Voters in Lubbock, Texas are being asked to consider a proposal for a city ordinance which will create “a sanctuary city for the unborn.”  It is rare that “municipal elections” generate as much interest as this one, and I expect that if this proposition wins the vote, Lubbock will likely become a news item nationally, if only briefly, as a result. There is a lot of unusual attention afforded this decision, and even I want to add my thoughts to the mix.

My neighborhood, in a nice area of town (though definitely not one of the wealthiest), is covered in political lawn signs stressing that people of Lubbock turn out to vote in favor of this proposition.  There are a few signs opposing it, and I figure in other areas of town there are more of them.  The local news outlets are featuring debates daily/nightly.  And though I don’t expect my input to sway a single person, I want to offer some ideas that otherwise are going almost completely ignored, I think.

Allow me to come clean up front: I consider myself Christian and conservative.  I also am a foster/adoptive parent whose 24/7/365 work pulls the rug out from under most (if not all) of the excuses/reasons for getting an abortion.  As far as “values” are concerned, while I definitely value “the right of a woman to do with her own body as she sees fit” as a major value, I still value human life – especially “the life of the unborn” – just a little higher. In fact, I can’t think of any circumstance where when the two values are pitted against each other that I don’t value the life of the baby more than the liberty of the woman.  I will always hold the value for life higher in every debate.

You would think, then, that I would be in favor of voting for Proposition A, the proposed ordinance to create a sanctuary city for the unborn in Lubbock, but I am not.  

Now… if – IF – if this ordinance is in fact passed, and if it ever actually saves a life, I will be happy about that.  A life saved should be celebrated, and God works in mysterious ways – even city ordinances which are far more symbolic than meaningful, and I would not want to be cut out of that party.  (I wonder if there would be a party.)

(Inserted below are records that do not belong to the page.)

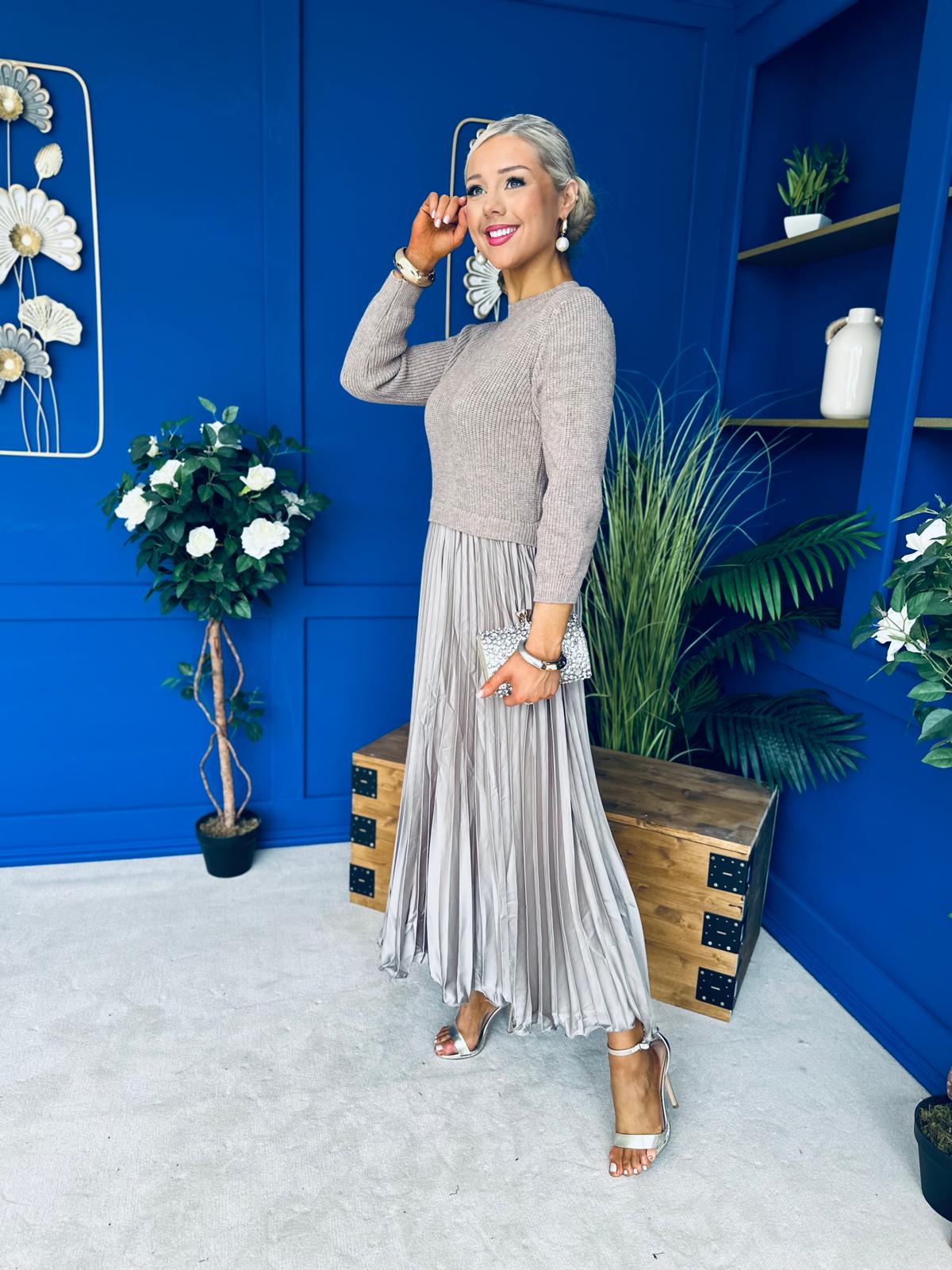 Susan Knit & Satin Midi Dress Taupe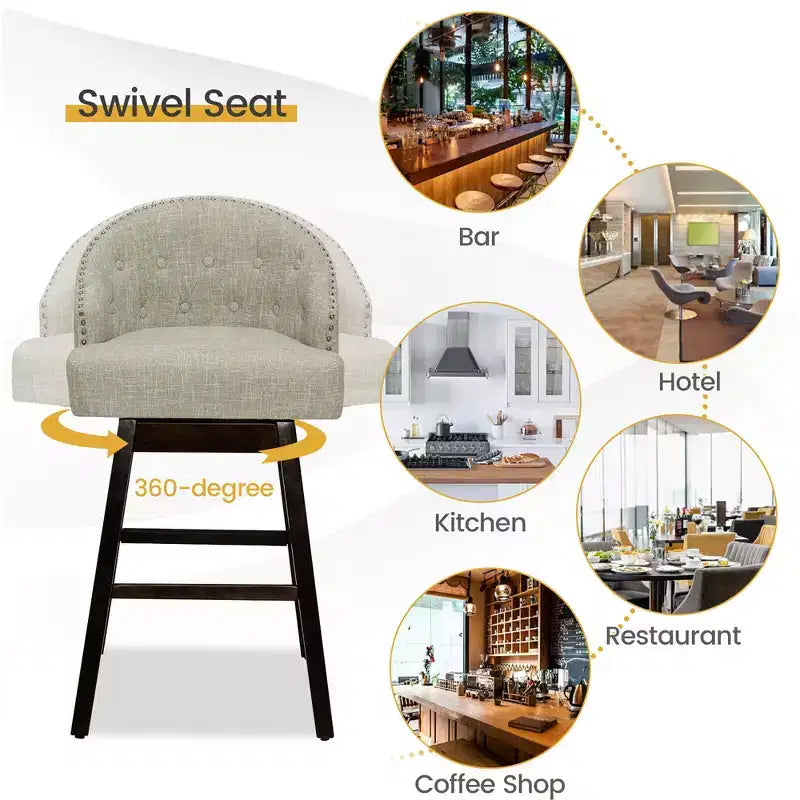 Lot de 2 tabourets de bar pivotants capitonnés avec pieds en bois d'hévéa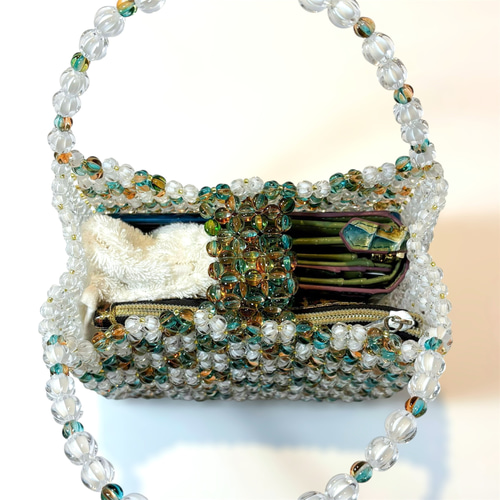 一点物】ビーズバッグ Mozaiku Lueur(モザイクリュール) [グリーン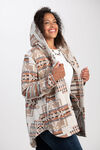 Hooded Aztec Jacket , Brown, original image number 3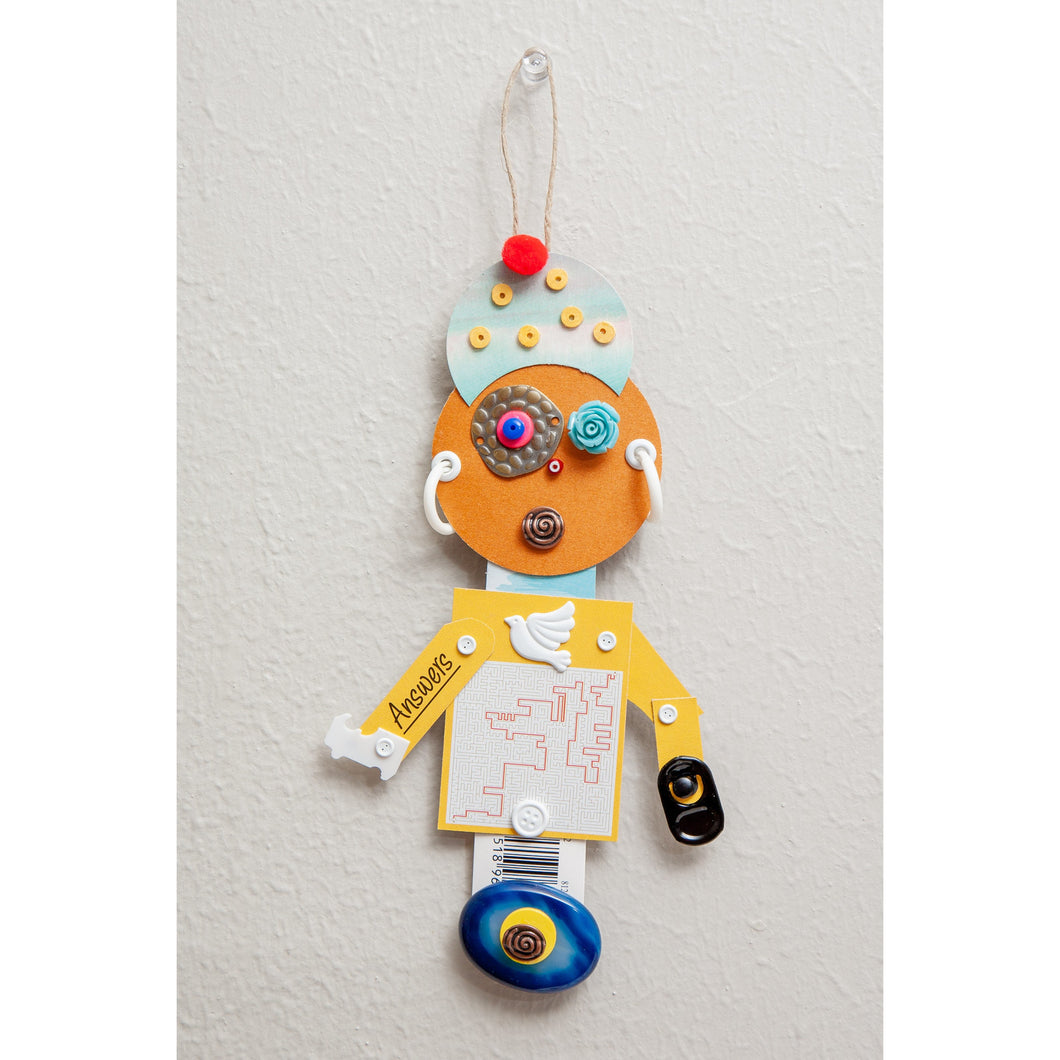 Orla /  Adjustable Robot Monster Ornament / Mixed Media Paper Arts / Paper Doll  Creatures/ Paper Puppet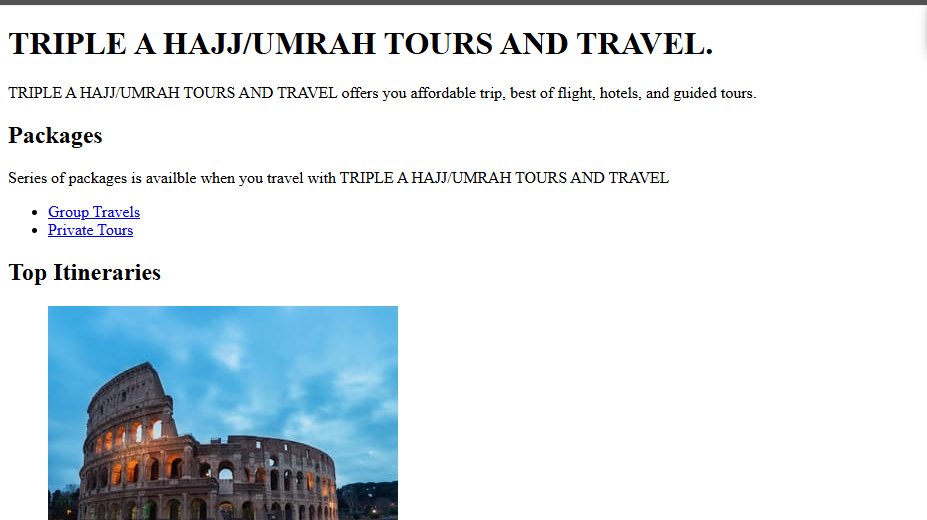 TripleAStackDev's tweet image. ✈️ Just built a Travel Agency landing page with HTML!
🌍 Live demo: tripleastackdev.github.io/travel-agency-…
✅ Packages & itineraries
✅ Clean HTML structure
✅ Hosted on GitHub Pages
#100DaysOfCode #WebDev #HTML #CodingJourney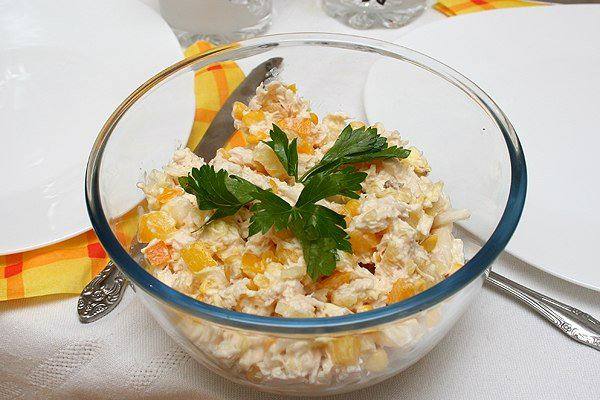 Салат из курицы с сыром и ананасом Салат из курицы с сыром и ананасом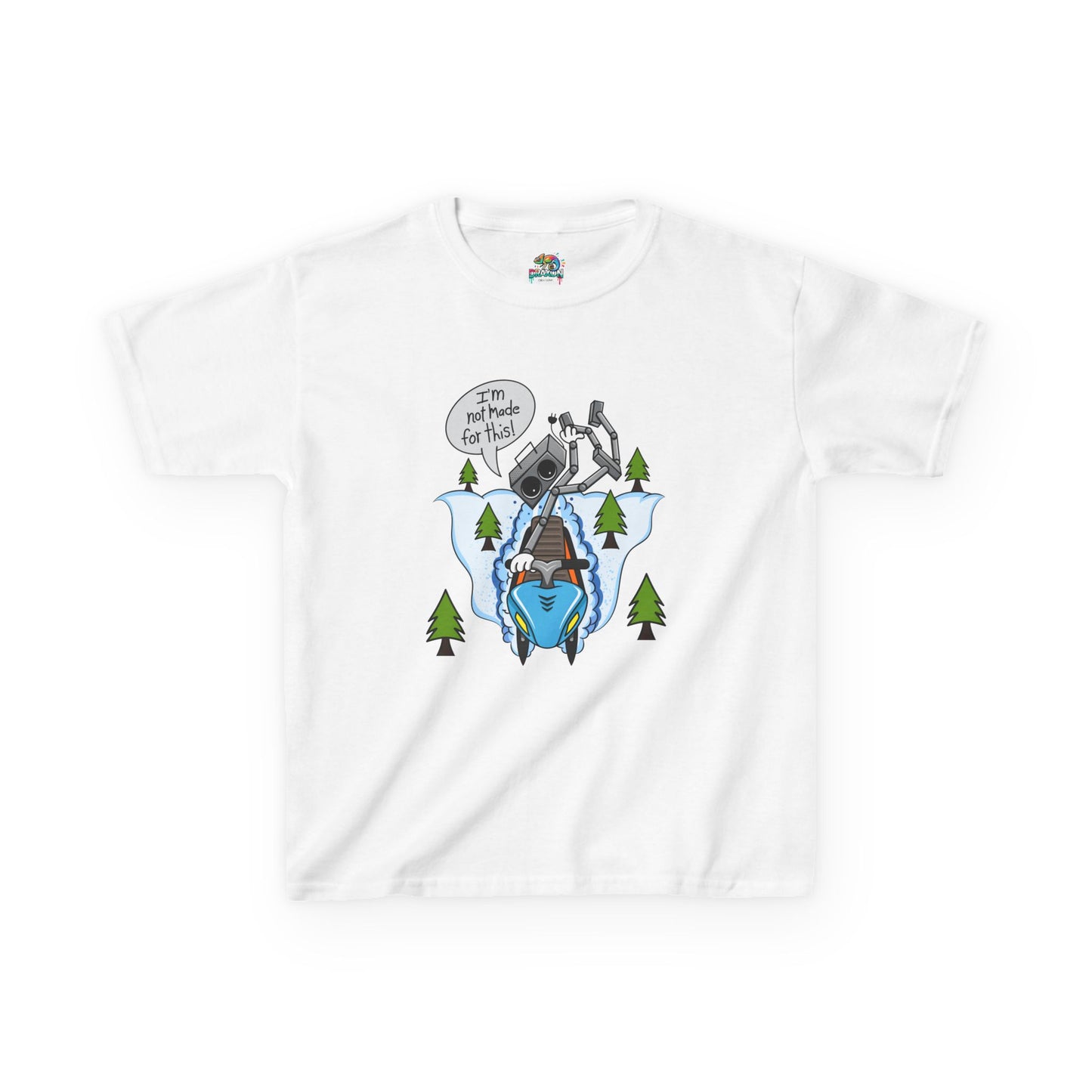 Kids Heavy Cotton T-Shirt (I'm not made for this - Snowmobiler)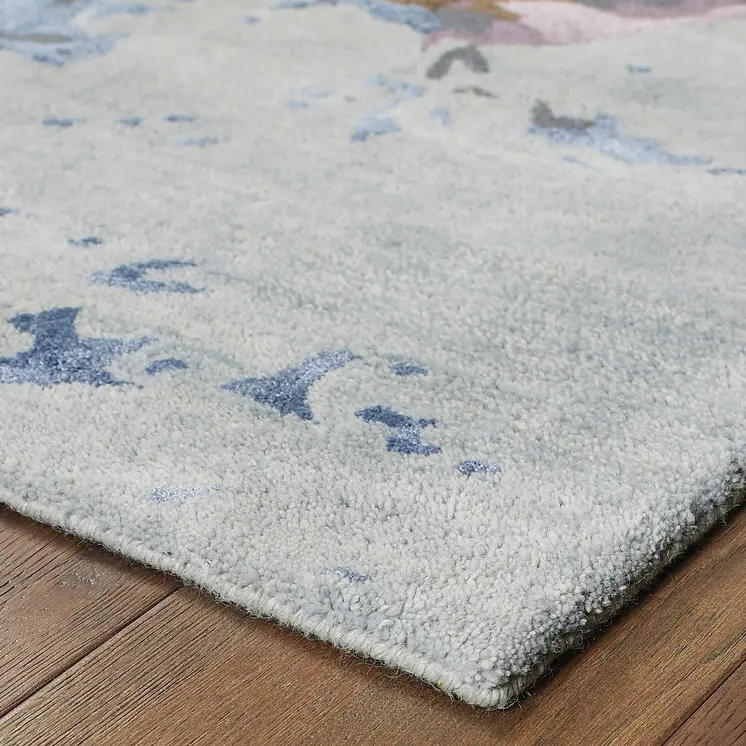 10' X 13' Blue And Purple Abstract Hand Tufted Area Rug
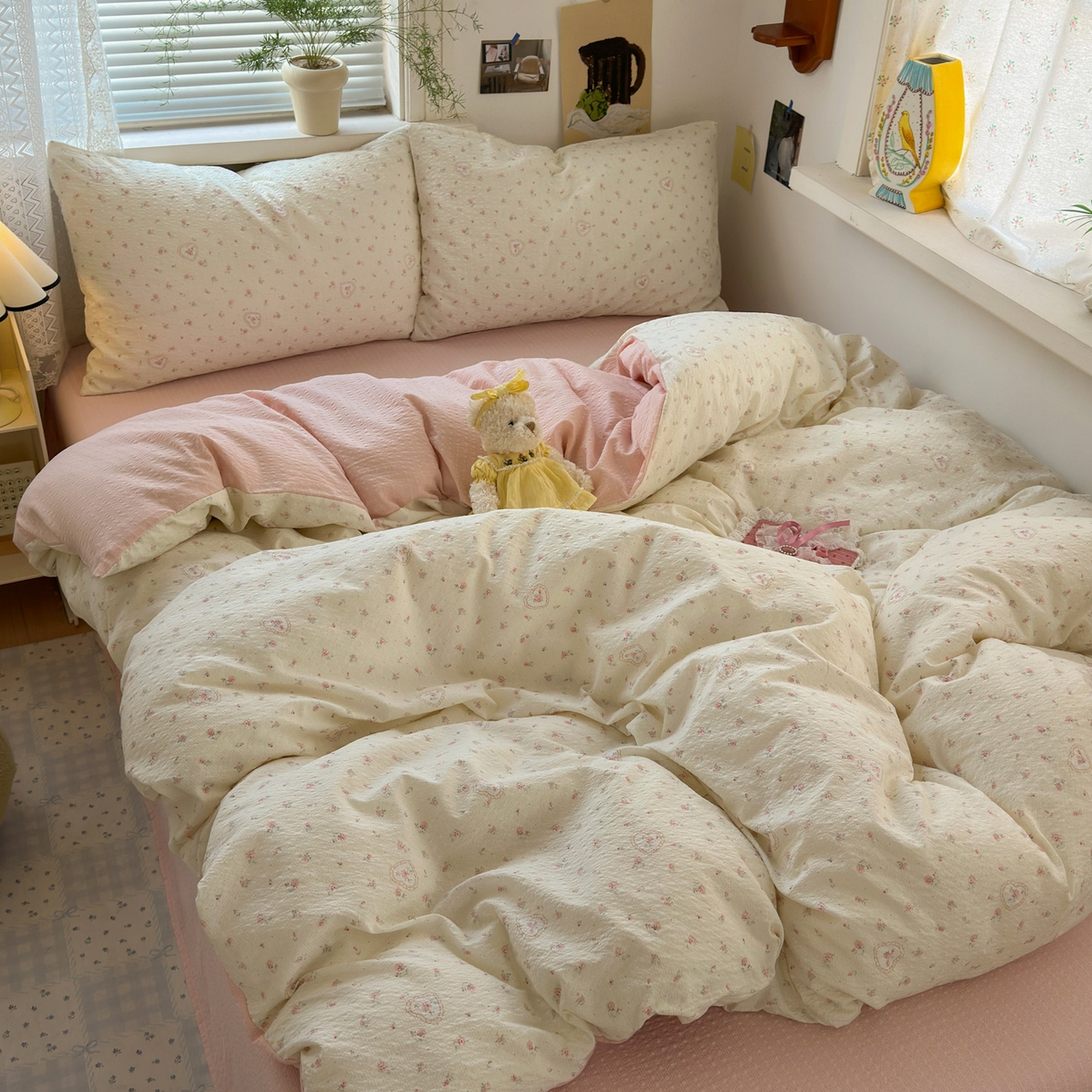 91家纺网 家纺一手货源 找家纺 奈颜 2026新款A类泡芙纱小碎花四件套学生宿舍三件套 兔崽花园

But here’s the thing: I keep hearing the usual arguments on this even though in name, at least, this “sanctuary city” idea is a brand new angle.  It’s still just a new gimmick in an old game.  

The standard “liberal” side of the debate echoes in this proposal all over again: “Women should have the right to decide their own healthcare.”  Roe v. Wade has already established the law of the land, and this ordinance will be in violation of it.  This ordinance, even if put in effect, will be only symbolic for its cause, while inhibiting healthcare options on the other hand, will cost time, money, and energy to defend it in court, and is doomed to fail in the end anyway.  All cost, and no real benefit.  (These arguments do not reflect my values, but they are reasonable.)

On the “conservative” side, likewise echoes in this debate: “This proposition, if passed, reflects ‘the will of the people’ whether symbolic or not.”  The voters should be heard and headed.  This is a “Christian city” and you can go pretty much anywhere else in this land to get your abortion, but the “Christians” in this town shouldn’t be forced to aid or allow this sinful, murderous practice.  And anyway, there is an exception written into the proposal allowing for abortion if the pregnancy puts the mother’s life in danger.  (Also, insightful and reasonable arguments, in fact that last bit smuggling my personal values back into the abortion camp (sorta).)

My guess is that the conservatives promoting this idea want to “test” the conservative Supreme Court and see if they can’t ultimately change or undermine Roe v. Wade.

These debate points are all pretty standard by now, and we are only shoe horning them into the new idea that Lubbock might outlaw abortion within our city limits.  

But you know what?

It’s all vanity.

For starts, Lubbock is no longer advertising ourselves as a “Christian” town/city.  We used to, but we don’t anymore, and having lived here for the last two decades, I have noticed.  This town used to actually pride itself on a robust “Christian” heritage, but that has quietly slipped away.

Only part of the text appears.